• _Task objective_: Using the records below, write out only the lines from the line containing "Glass bowl with" up to and including the line containing "a black wooden", exactly, with no pictures.

• _Given data_:
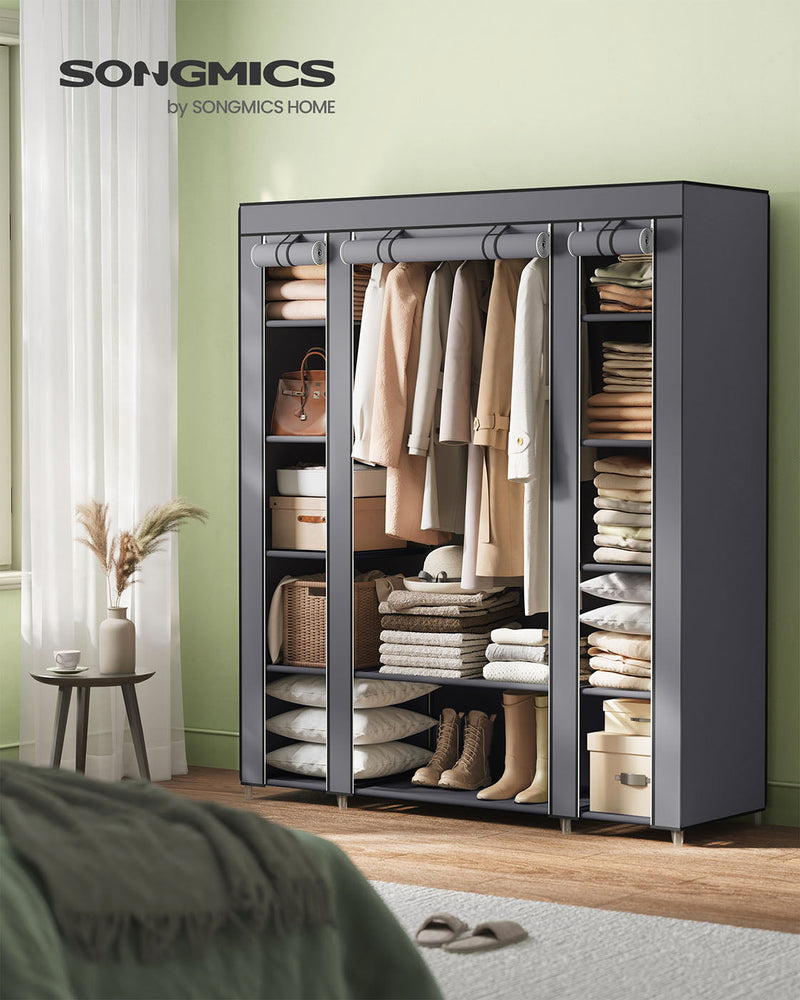 Grey fabric wardrobe styled in a bedroom beside a bed and a window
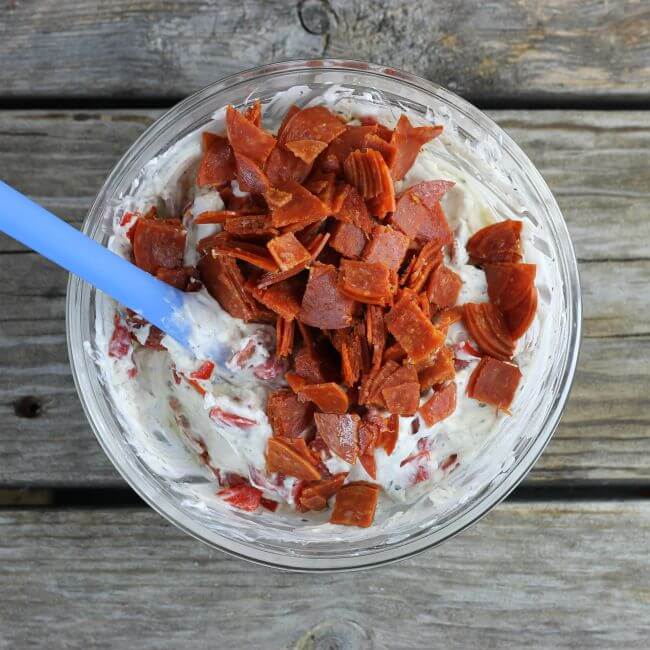 Glass bowl with spatula in the bowl with cream cheese dip, pepperoni and roasted red peppers.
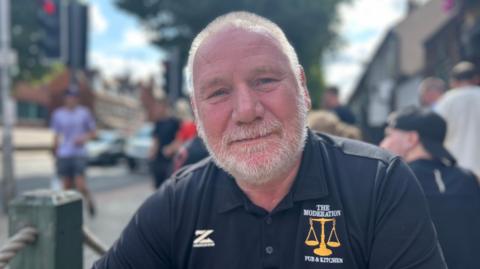 Andy Becalick is wearing a black T-shirt with The Moderation sewn into it. He has short, white hair and has a white beard. He is sat outside and people are walking past, presumably on the way to the festival.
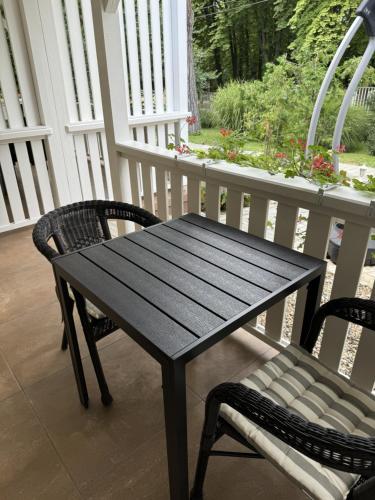 a black wooden table and chairs on a porch at Szem-s Vendégház in Balatonszemes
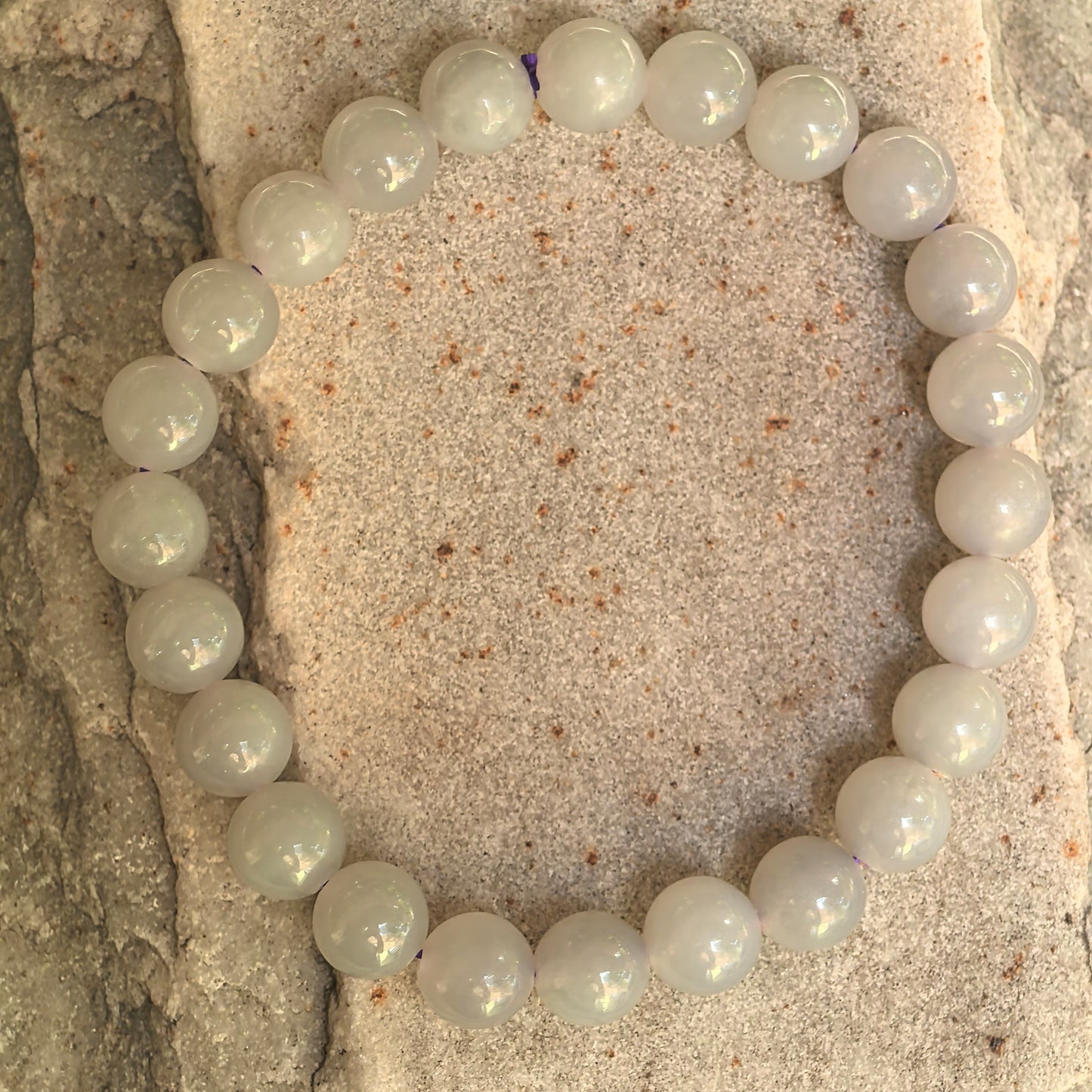 Natural Hetian jade bracelet with 23 round gray-purple beads displayed on stone background.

• _Response to this exercise_:
 Glass bowl with spatula in the bowl with cream cheese dip, pepperoni and roasted red peppers.
 Andy Becalick is wearing a black T-shirt with The Moderation sewn into it. He has short, white hair and has a white beard. He is sat outside and people are walking past, presumably on the way to the festival.
 a black wooden table and chairs on a porch at Szem-s Vendégház in Balatonszemes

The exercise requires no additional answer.